Problem to work on: Your task is to output the listing word for word, with pictures excluded.

Source data:
# # #

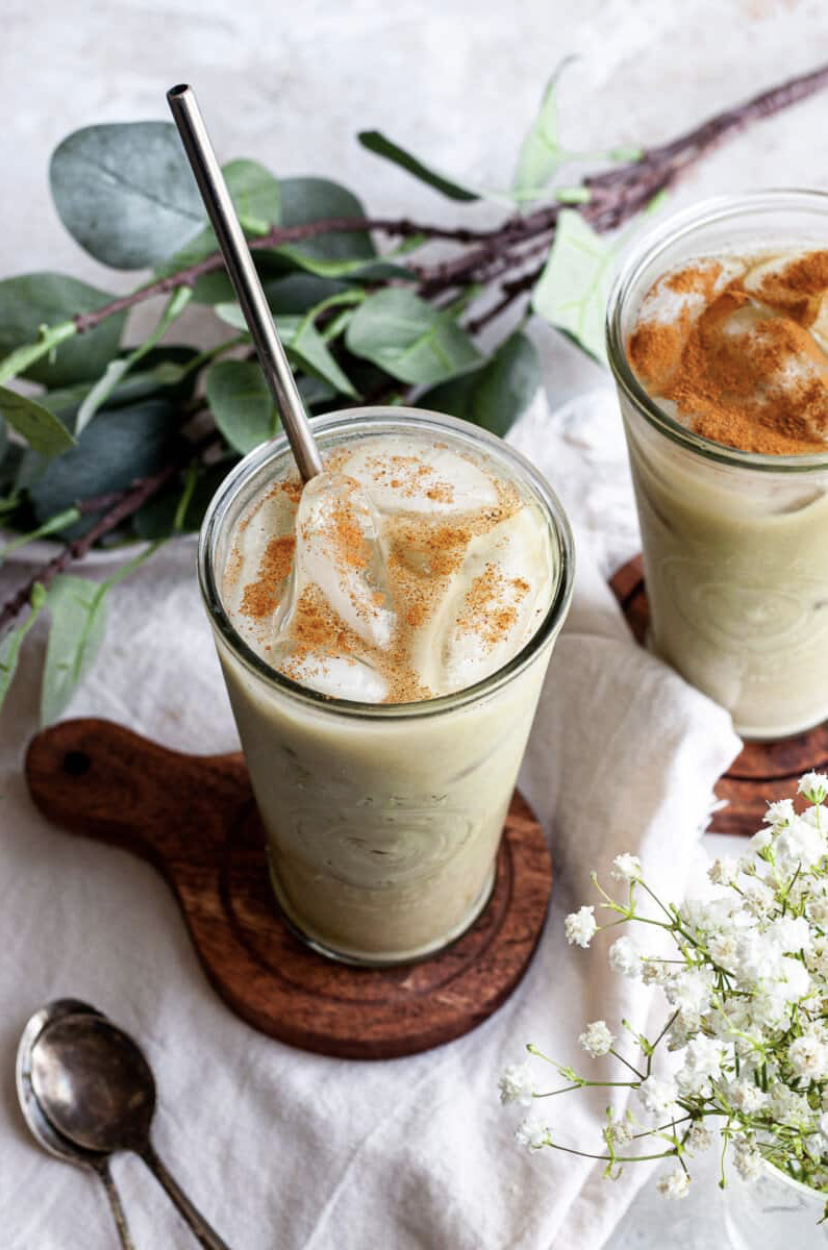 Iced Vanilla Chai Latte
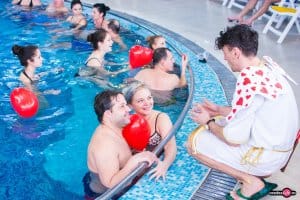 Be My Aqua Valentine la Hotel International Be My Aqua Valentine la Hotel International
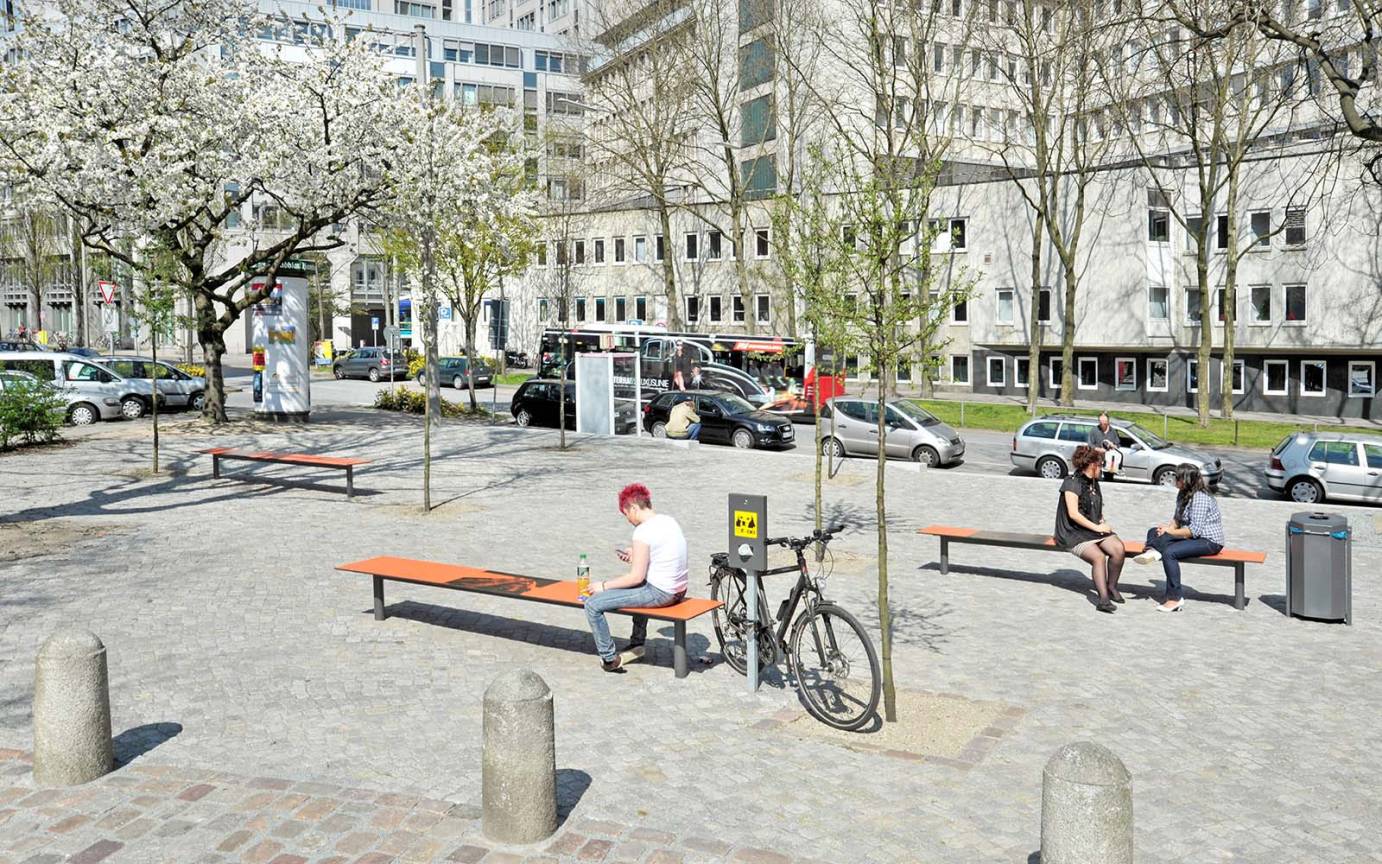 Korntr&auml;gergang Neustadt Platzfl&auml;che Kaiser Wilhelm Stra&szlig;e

# # #

Task output:
 Iced Vanilla Chai Latte
 Be My Aqua Valentine la Hotel International Be My Aqua Valentine la Hotel International
 Korntr&auml;gergang Neustadt Platzfl&auml;che Kaiser Wilhelm Stra&szlig;e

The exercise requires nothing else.